Kiliseleriyle Turist Çekiyor
1729 yılında yapılan Konstantin Helena Kilisesi, bazı tamiratlar görerek günümüze ulaşmış. Kesme taş mimarisinin güzel örneklerinden biri. Bu şirin köye ruh katan en güzel unsurlar, taş mimarisi zaten. Kilisede freskler de bulunuyor ama epey silinmiş durumdalar. Aziz Nikolaos Manastırı, bir kayaya oyulmuş. İçinde kagir yapıların olduğu ilginç bir manastır. Vaktiyle hem Müslümanlardan hem de Hıristiyanlardan çok saygı görmüş. Bölgenin en eski yapılarından biri.

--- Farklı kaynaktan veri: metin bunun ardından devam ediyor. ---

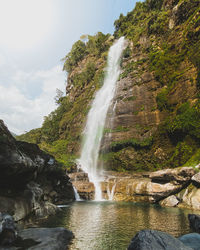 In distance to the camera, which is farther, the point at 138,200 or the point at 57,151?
the point at 57,151

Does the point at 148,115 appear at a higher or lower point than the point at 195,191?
higher

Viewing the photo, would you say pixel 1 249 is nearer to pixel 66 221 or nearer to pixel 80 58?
pixel 66 221

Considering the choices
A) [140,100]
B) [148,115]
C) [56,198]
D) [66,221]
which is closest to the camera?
[66,221]

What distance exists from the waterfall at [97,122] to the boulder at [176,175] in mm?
6741

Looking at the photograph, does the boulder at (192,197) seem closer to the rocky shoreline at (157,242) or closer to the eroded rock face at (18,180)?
the rocky shoreline at (157,242)

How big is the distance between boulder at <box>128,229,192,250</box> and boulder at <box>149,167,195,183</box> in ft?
33.3

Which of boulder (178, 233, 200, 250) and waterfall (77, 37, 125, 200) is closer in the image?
boulder (178, 233, 200, 250)

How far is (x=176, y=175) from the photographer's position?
1324 centimetres

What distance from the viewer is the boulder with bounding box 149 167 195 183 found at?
41.9 ft

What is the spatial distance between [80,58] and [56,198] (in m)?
50.4

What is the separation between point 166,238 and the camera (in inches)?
153

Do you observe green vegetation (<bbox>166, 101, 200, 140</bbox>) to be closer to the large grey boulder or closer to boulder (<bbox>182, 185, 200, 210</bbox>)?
the large grey boulder

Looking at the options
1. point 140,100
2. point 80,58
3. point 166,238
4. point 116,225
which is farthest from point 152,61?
point 80,58

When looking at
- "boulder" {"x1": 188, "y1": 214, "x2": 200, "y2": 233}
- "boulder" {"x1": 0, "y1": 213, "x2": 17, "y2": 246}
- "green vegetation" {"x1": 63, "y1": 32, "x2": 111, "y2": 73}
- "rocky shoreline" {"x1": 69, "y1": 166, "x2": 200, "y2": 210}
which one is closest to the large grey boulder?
"rocky shoreline" {"x1": 69, "y1": 166, "x2": 200, "y2": 210} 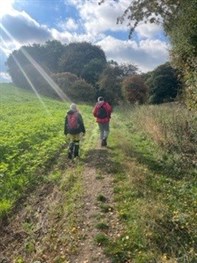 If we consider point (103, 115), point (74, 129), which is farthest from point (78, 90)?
point (74, 129)

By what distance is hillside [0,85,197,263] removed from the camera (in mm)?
8055

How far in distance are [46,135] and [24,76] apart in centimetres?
7064

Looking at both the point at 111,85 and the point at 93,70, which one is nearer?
the point at 111,85

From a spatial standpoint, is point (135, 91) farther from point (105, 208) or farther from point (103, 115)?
point (105, 208)

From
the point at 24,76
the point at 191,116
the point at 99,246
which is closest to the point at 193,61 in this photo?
the point at 191,116

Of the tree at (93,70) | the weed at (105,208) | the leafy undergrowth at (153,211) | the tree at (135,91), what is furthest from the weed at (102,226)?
the tree at (93,70)

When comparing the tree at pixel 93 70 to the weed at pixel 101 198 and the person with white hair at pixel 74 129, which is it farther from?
the weed at pixel 101 198

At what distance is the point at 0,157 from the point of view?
15352mm

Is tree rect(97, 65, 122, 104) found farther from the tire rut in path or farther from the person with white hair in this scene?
the tire rut in path

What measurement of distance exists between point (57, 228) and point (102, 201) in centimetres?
178

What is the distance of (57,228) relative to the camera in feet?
30.2

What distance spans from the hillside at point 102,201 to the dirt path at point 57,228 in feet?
0.06

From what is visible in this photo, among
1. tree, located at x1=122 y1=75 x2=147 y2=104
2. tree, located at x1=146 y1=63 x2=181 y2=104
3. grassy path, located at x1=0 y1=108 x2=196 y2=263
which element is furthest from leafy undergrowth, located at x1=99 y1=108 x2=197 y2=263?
tree, located at x1=122 y1=75 x2=147 y2=104

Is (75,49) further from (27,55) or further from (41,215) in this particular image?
(41,215) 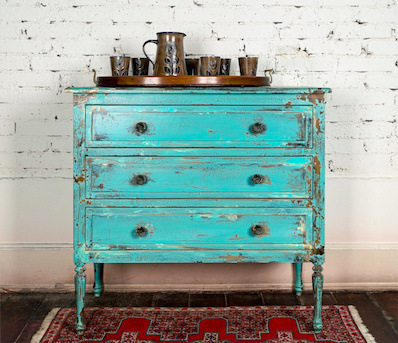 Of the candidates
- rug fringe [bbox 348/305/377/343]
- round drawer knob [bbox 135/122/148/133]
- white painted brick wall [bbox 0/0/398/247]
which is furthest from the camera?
white painted brick wall [bbox 0/0/398/247]

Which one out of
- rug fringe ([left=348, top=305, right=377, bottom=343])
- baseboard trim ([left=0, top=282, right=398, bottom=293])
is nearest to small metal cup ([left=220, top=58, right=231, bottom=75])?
baseboard trim ([left=0, top=282, right=398, bottom=293])

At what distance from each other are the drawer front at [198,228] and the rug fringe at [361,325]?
1.74 feet

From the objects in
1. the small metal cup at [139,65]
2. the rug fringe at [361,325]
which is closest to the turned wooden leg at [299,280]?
the rug fringe at [361,325]

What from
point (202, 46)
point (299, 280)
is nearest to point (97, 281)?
point (299, 280)

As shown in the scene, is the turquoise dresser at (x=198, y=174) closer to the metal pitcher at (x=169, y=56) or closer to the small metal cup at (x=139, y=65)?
the metal pitcher at (x=169, y=56)

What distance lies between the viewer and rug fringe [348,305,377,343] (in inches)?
107

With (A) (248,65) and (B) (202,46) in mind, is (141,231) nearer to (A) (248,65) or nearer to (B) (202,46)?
(A) (248,65)

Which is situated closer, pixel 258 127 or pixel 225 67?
pixel 258 127

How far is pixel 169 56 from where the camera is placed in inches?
110

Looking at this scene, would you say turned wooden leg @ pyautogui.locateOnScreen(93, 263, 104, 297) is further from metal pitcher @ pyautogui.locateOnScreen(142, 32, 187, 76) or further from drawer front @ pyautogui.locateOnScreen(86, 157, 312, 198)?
metal pitcher @ pyautogui.locateOnScreen(142, 32, 187, 76)

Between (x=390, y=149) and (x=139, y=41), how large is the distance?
159 cm

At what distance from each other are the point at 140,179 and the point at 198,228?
0.36m

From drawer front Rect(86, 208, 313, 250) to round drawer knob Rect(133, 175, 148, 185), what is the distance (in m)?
0.13

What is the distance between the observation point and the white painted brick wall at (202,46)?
3.22m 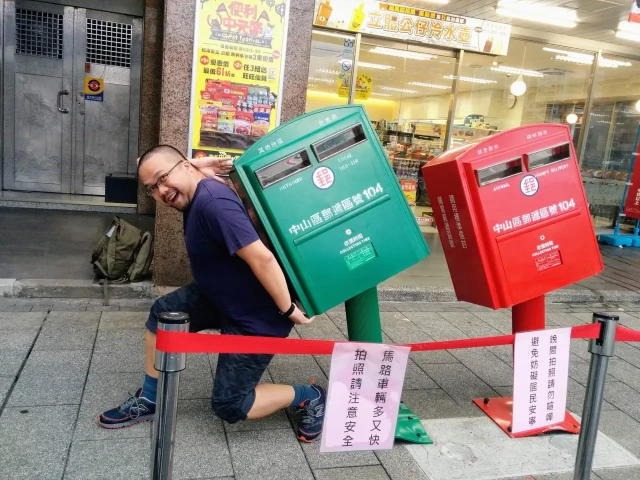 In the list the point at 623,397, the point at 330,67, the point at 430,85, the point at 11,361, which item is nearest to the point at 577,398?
the point at 623,397

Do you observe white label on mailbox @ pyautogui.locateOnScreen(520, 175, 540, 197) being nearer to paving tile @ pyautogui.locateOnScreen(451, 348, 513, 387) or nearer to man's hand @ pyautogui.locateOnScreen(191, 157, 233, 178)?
man's hand @ pyautogui.locateOnScreen(191, 157, 233, 178)

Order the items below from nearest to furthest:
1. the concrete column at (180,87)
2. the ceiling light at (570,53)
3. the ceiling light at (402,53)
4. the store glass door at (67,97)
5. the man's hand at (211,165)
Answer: the man's hand at (211,165) → the concrete column at (180,87) → the store glass door at (67,97) → the ceiling light at (402,53) → the ceiling light at (570,53)

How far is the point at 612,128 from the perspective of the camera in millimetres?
10336

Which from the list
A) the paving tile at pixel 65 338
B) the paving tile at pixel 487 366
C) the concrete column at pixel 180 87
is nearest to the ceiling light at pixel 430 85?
the concrete column at pixel 180 87

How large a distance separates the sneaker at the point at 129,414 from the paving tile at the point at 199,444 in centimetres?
18

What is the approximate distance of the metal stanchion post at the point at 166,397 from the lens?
1711 millimetres

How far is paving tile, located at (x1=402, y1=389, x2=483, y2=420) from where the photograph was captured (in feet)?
10.5

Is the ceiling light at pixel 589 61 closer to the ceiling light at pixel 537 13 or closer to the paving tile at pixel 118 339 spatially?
the ceiling light at pixel 537 13

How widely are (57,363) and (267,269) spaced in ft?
6.00

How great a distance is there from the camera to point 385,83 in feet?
30.8

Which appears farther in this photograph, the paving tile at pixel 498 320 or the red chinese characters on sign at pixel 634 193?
the red chinese characters on sign at pixel 634 193

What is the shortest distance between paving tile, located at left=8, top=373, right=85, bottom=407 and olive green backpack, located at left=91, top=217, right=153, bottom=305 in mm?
1546

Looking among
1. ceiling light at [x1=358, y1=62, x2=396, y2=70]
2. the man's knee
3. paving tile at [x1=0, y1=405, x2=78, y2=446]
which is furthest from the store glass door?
the man's knee

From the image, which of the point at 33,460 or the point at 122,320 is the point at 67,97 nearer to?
Result: the point at 122,320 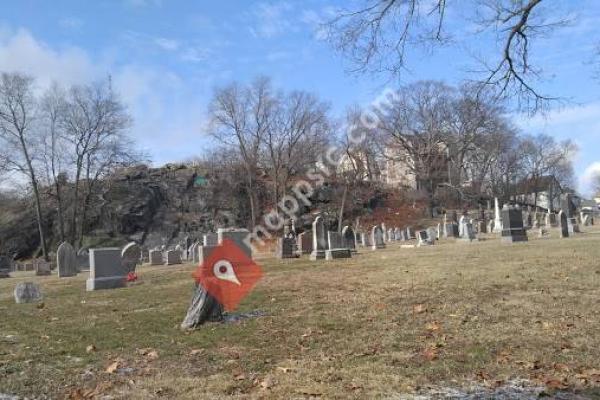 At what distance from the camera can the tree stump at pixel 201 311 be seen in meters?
7.45

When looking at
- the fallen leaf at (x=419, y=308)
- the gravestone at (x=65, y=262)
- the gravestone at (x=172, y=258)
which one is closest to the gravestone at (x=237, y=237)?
the fallen leaf at (x=419, y=308)

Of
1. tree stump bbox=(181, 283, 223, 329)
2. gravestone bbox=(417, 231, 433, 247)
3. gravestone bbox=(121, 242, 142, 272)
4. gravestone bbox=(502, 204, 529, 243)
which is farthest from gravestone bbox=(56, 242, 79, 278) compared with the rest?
gravestone bbox=(502, 204, 529, 243)

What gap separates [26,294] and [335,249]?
32.9 ft

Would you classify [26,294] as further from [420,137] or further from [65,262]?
[420,137]

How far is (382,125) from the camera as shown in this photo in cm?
5969

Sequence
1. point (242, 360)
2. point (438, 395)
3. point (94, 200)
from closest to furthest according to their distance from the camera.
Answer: point (438, 395)
point (242, 360)
point (94, 200)

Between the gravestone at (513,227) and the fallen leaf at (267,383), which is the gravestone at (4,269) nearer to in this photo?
the gravestone at (513,227)

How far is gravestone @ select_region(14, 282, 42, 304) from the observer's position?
11797 mm

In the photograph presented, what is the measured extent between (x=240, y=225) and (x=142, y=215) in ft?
32.5

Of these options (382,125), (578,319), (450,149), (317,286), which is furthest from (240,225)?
(578,319)

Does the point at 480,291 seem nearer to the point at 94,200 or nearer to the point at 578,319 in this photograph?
the point at 578,319

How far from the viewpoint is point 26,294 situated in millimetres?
11867

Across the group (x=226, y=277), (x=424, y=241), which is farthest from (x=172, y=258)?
(x=226, y=277)

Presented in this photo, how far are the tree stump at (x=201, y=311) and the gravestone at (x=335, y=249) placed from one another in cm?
1112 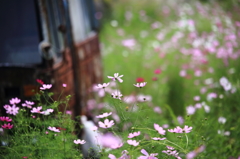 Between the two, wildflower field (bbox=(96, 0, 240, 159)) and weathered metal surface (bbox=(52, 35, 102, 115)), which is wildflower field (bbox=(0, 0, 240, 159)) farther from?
weathered metal surface (bbox=(52, 35, 102, 115))

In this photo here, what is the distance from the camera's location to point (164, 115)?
4375 millimetres

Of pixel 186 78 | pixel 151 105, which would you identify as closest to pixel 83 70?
pixel 151 105

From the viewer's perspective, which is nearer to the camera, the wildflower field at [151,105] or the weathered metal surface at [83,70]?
the wildflower field at [151,105]

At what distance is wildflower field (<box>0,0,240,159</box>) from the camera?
6.54 ft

Aziz Vasilyos Kilisesi, 19. yüzyılda yapılmış. Mimarisiyle ilgi çekiyor. Giriş kısmı dini hikayeler anlatan resimle süslenmiş. Freskleri de mevcut.

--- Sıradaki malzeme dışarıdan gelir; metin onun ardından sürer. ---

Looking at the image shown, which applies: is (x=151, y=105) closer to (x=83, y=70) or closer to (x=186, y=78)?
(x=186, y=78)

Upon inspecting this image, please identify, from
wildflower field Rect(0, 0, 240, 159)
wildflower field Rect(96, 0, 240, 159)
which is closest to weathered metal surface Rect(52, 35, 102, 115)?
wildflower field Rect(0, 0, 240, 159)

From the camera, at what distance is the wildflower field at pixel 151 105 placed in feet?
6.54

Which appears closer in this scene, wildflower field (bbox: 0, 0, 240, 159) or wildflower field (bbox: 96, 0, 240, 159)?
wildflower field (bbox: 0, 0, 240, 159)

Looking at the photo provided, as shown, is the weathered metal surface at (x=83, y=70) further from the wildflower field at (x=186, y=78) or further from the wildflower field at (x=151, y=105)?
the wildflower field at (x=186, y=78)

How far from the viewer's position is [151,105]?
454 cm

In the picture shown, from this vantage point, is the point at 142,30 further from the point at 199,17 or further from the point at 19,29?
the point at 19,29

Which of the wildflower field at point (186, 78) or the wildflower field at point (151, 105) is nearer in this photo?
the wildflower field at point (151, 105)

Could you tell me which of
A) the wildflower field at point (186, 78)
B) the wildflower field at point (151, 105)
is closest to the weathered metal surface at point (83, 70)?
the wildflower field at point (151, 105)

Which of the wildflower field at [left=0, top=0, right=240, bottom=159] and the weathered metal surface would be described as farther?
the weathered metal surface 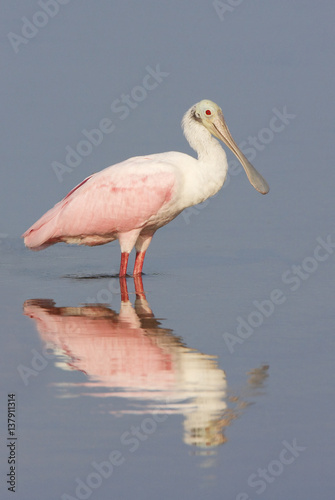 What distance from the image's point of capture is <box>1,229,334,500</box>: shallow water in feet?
22.5

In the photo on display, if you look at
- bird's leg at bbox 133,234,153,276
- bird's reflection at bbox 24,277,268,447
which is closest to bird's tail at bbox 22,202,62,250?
bird's leg at bbox 133,234,153,276

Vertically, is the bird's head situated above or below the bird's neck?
above

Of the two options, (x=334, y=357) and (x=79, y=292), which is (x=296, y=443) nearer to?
(x=334, y=357)

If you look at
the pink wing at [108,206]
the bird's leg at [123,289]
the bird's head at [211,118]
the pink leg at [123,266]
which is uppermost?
the bird's head at [211,118]

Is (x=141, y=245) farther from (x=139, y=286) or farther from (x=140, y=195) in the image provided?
(x=139, y=286)

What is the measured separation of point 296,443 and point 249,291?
213 inches

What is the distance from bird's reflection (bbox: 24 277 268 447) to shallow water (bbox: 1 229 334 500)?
16 millimetres

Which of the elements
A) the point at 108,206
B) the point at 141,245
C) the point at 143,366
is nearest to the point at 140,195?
the point at 108,206

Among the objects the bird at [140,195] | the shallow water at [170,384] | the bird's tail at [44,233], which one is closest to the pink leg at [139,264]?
the bird at [140,195]

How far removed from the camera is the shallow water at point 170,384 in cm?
686

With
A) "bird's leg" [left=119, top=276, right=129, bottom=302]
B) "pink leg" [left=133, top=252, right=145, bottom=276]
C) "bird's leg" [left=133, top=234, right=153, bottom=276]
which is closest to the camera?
"bird's leg" [left=119, top=276, right=129, bottom=302]

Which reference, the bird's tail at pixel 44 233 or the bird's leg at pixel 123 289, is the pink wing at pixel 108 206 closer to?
the bird's tail at pixel 44 233

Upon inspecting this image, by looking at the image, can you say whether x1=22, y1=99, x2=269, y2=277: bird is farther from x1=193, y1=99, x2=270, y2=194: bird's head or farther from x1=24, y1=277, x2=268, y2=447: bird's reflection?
x1=24, y1=277, x2=268, y2=447: bird's reflection

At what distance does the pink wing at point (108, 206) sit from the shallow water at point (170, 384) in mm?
589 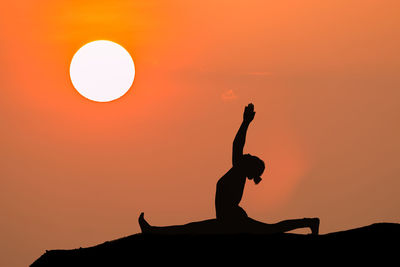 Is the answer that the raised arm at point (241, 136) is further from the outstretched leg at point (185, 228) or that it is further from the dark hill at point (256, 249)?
the dark hill at point (256, 249)

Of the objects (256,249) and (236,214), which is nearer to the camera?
(256,249)

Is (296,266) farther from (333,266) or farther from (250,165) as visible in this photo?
(250,165)

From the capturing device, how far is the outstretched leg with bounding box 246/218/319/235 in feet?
48.9

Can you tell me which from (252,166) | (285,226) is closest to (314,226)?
(285,226)

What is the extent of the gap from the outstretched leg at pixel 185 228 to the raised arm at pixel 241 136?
150 cm

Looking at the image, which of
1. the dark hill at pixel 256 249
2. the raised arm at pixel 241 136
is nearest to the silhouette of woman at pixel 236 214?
the raised arm at pixel 241 136

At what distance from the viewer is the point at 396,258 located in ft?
41.0

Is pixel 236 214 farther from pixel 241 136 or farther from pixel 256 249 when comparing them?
pixel 256 249

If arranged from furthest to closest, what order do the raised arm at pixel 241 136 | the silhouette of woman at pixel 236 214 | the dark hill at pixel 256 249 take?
1. the raised arm at pixel 241 136
2. the silhouette of woman at pixel 236 214
3. the dark hill at pixel 256 249

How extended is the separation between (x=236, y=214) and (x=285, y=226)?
1.27m

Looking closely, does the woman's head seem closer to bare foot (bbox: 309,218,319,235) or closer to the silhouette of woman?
the silhouette of woman

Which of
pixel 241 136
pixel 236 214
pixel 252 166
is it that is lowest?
pixel 236 214

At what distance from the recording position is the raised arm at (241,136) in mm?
15398

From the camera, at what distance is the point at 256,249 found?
13.1 metres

Aziz Basil Şapeli, duvar süslemeleri, resimli sahneleriyle en canlı ibadethanelerden biri. Malzemesi ve renkleriyle göz dolduruyor.
Bir diğer kilise ise Aziz Grigorios Kilisesi. Saklı Vadi denilen, gerçekten bulunması güç bir vadide yer alıyor. Bu vadi aynı zamanda büyüleyici bir yer. Taşlara oyulmuş eski mağara evleri yeniden hayat bulmuş gibi. Kilise bazilika tarzıyla yapılmış. Zaman içinde yıkılınca Rumlar tarafından tekrar yapılmış.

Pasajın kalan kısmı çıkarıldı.